# Varnish over murphys oil soap.



## Jmayspaint (Mar 26, 2013)

First day on a re-paint. Stained trim to be sanded and re- varnished. Cleaning crew spent yesterday wiping all the trim with Murphy's. 
I'm wondering about potential problems with this. Going to do a test area and check. 
Anyone have experience with this? 
Thanks


----------



## PP&C Services (May 10, 2013)

I've never tried to go over it with anything, but it makes a good brush cleaner for dried oil paint.


----------



## modernfinish (Mar 20, 2013)

You might want to just degrease it with Krud Kutter or something.


----------



## Tonyg (Dec 9, 2007)

Maybe wipe down with some Wilbond or even just plain water. Don't believe it's really anything except soap (not oil)


----------



## Jmayspaint (Mar 26, 2013)

It seems to do ok with sand and wipe down. Going to let one dry to be sure. Thanks


----------



## Gough (Nov 24, 2010)

Tonyg is right on the mark. The "oil" in the name refers to the source of the oil used to create the soap, vegetable oil. There's no free oil. At the very most, wiping it down with water should be all that's needed, and that assumes that the cleaning crew didn't follow the directions...probably a safe bet.

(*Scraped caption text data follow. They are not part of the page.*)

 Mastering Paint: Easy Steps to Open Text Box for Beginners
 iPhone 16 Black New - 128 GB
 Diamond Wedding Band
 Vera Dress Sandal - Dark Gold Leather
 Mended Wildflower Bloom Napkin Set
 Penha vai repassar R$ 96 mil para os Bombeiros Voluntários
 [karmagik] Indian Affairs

Murphy's is the typical cleaner that we use when we have old clear-coated woodwork to recoat.


----------



## Susan (Nov 29, 2011)

Gough,

Why murphy's? As opposed to other deglossers/degreasers/cleaners?


----------



## Gough (Nov 24, 2010)

Csheils said:


> Gough,
> 
> Why murphy's? As opposed to other deglossers/degreasers/cleaners?


Good question. We'll use it if we're concerned about damaging what could be a delicate finish, especially one of an unknown type.


----------



## Susan (Nov 29, 2011)

Gough said:


> Good question. We'll use it if we're concerned about damaging what could be a delicate finish, especially one of an unknown type.

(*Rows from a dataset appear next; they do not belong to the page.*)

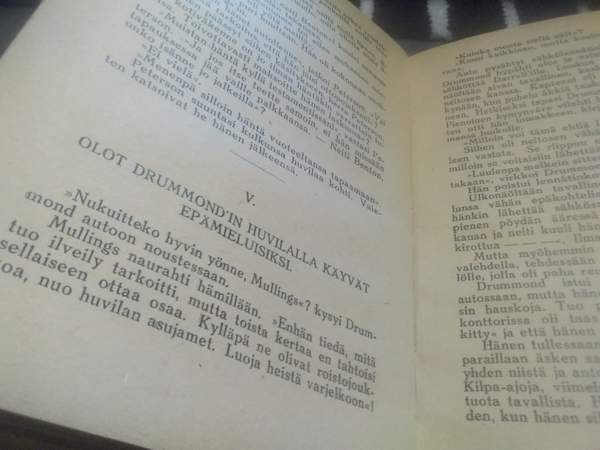 Teräsnyrkki- Hugh. Sapper(Cyril MC Neile) Salo - photo 5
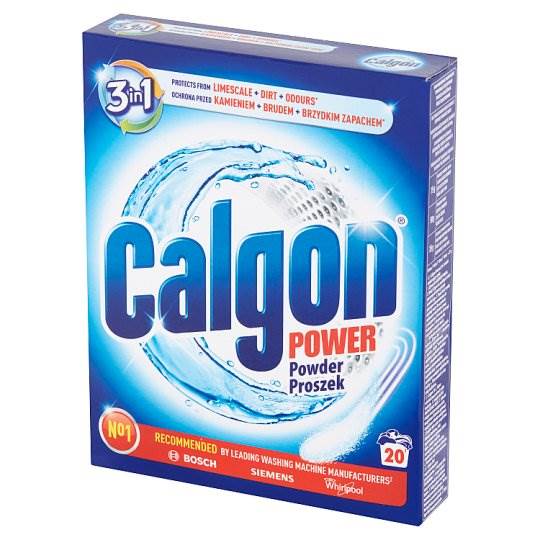 CALGON proszek 500g ochr.pralek p/kamieniem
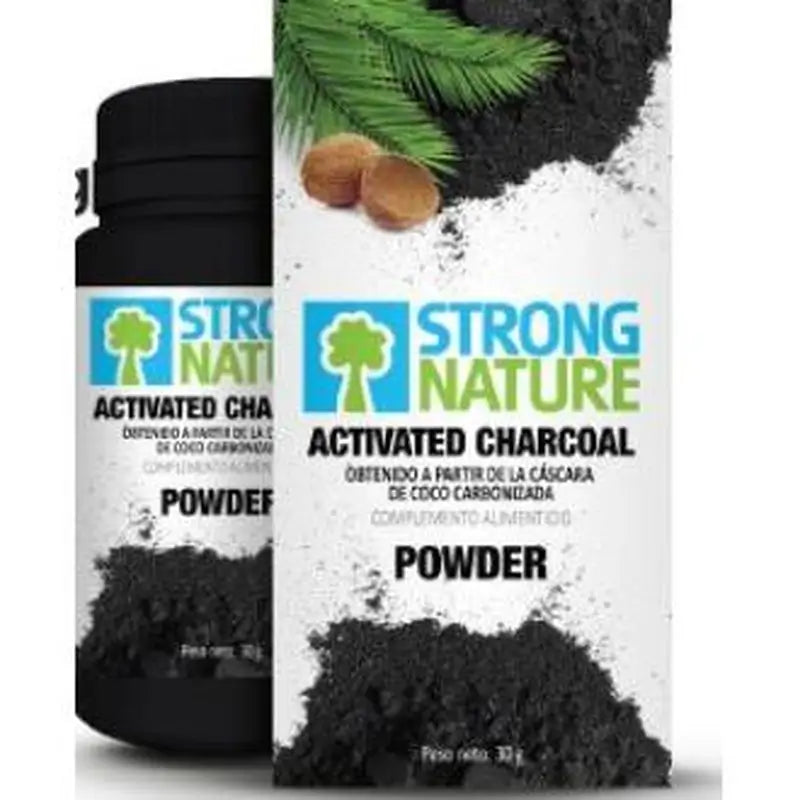 Strong Nature Active Carbon 30Gr.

Right. or right? I'm not certain which. But thanks. thanks?


----------



## Gough (Nov 24, 2010)

Csheils said:


> Right. or right? I'm not certain which. But thanks. thanks?


Sorry if my answer wasn't clearer. When we're doing restoration work and the most important thing is that we don't damage the existing finish, we'll use distilled water and Murphy's. The other cleaners/deglossers/etc. aren't so gentle.


----------



## Susan (Nov 29, 2011)

Sorry, I'm wicked sarcastic. I'm just funnin around.

Seriously though, I couldn't figure what you meant...in my mind, washing/scuffing/touching a poly'd/varnished surface meant refinishing..or at least a recoat..so when you made the (my interpretation) vague statement, I was confused. I understand what you are saying now, and thank you for taking the time to clarify, despite my wise-arse remarks. 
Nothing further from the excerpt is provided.